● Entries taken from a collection
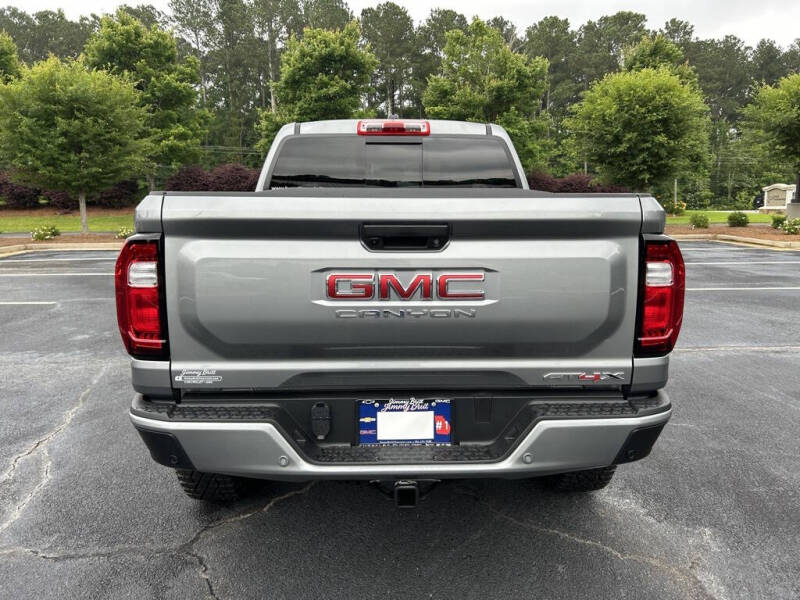 2025 GMC Canyon AT4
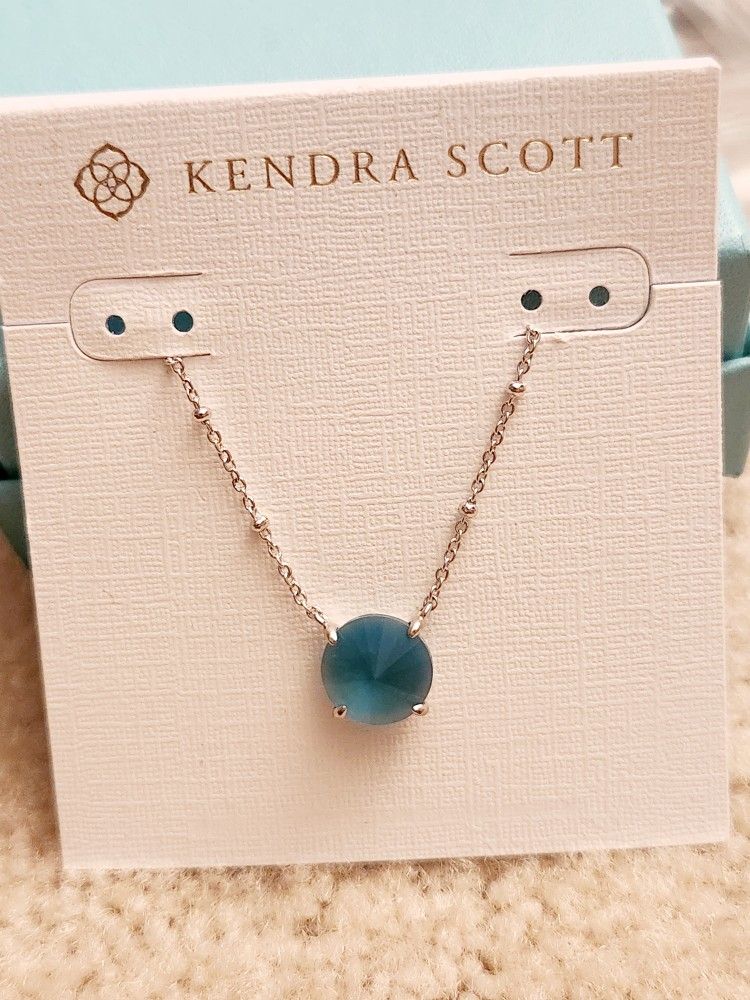 Kendra Scott Necklace **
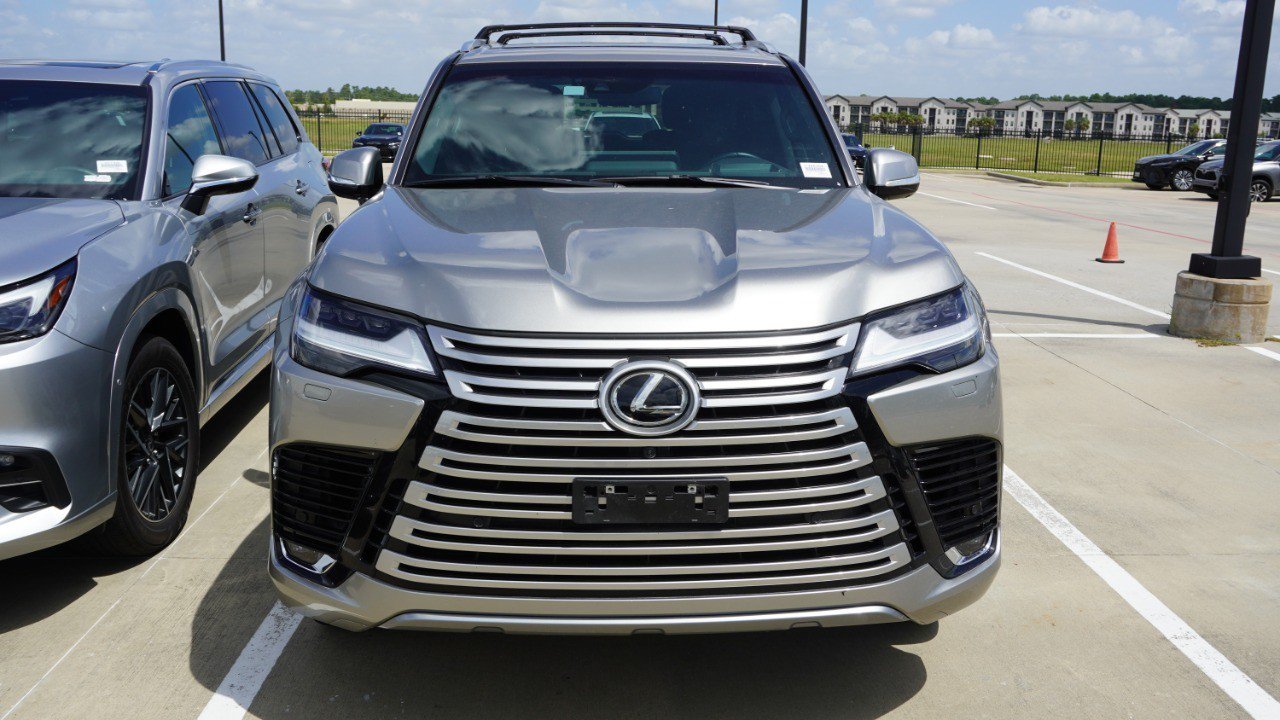 Used 2022 Lexus LX 600 4WD w/ Accessory Package (Z1) image 2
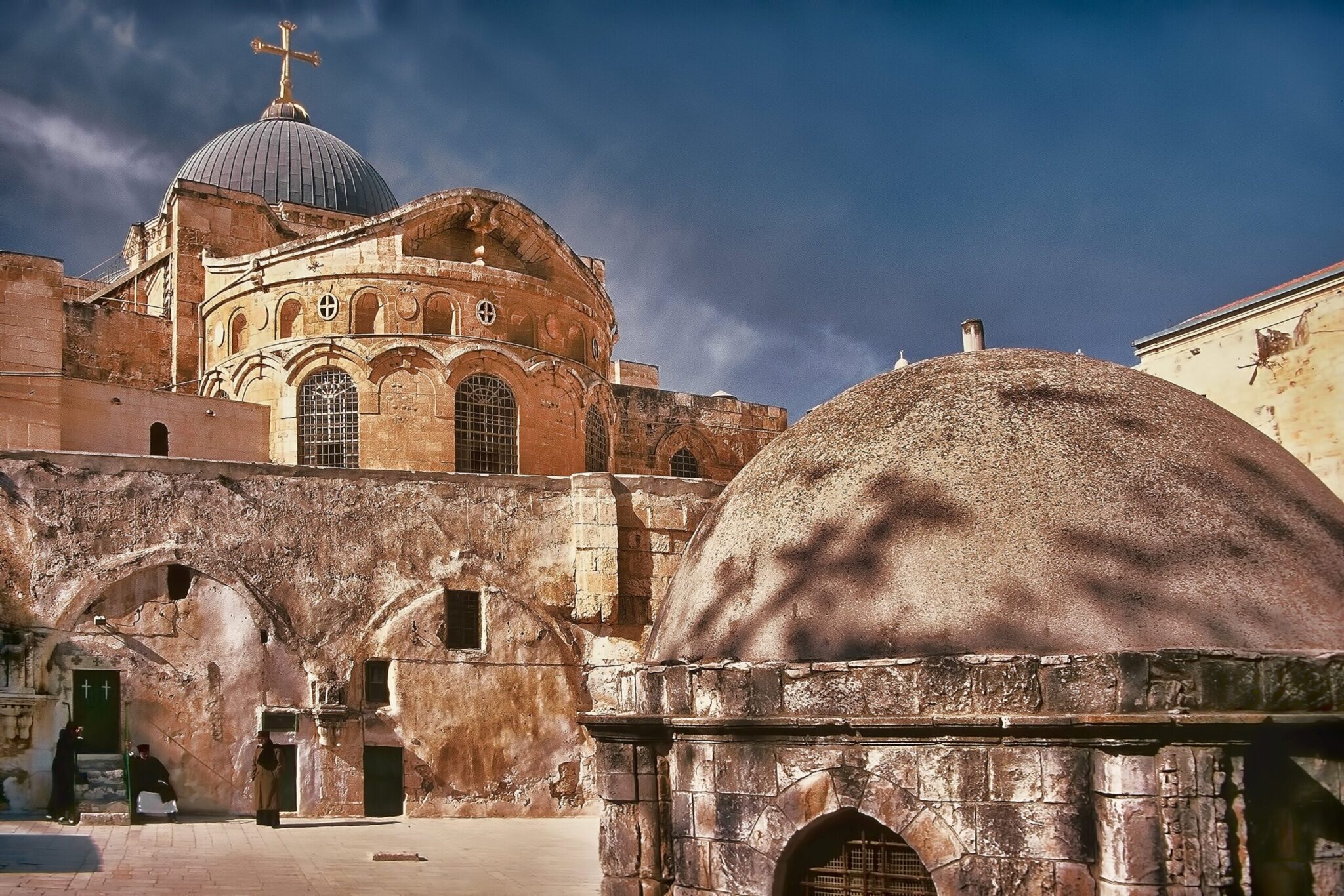 Η Παλιά Πόλη της Ιερουσαλήμ έξω από τον Πανάγιο Τάφο
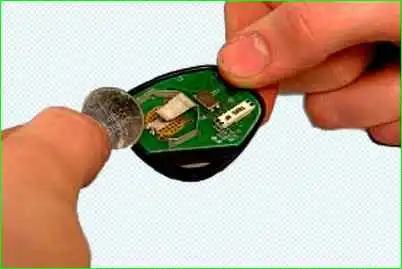 Ersetzen eines Element-Stromversorgung in der Fernbedienung Austausch der Batterie in der Fernbedienung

● Instructions to follow
Without the pictures, repeat exactly the lines running from the line containing "Used 2022 Lexus" through the end of the data, both ends included.

● Solution to this task
 Used 2022 Lexus LX 600 4WD w/ Accessory Package (Z1) image 2
 Η Παλιά Πόλη της Ιερουσαλήμ έξω από τον Πανάγιο Τάφο
 Ersetzen eines Element-Stromversorgung in der Fernbedienung Austausch der Batterie in der Fernbedienung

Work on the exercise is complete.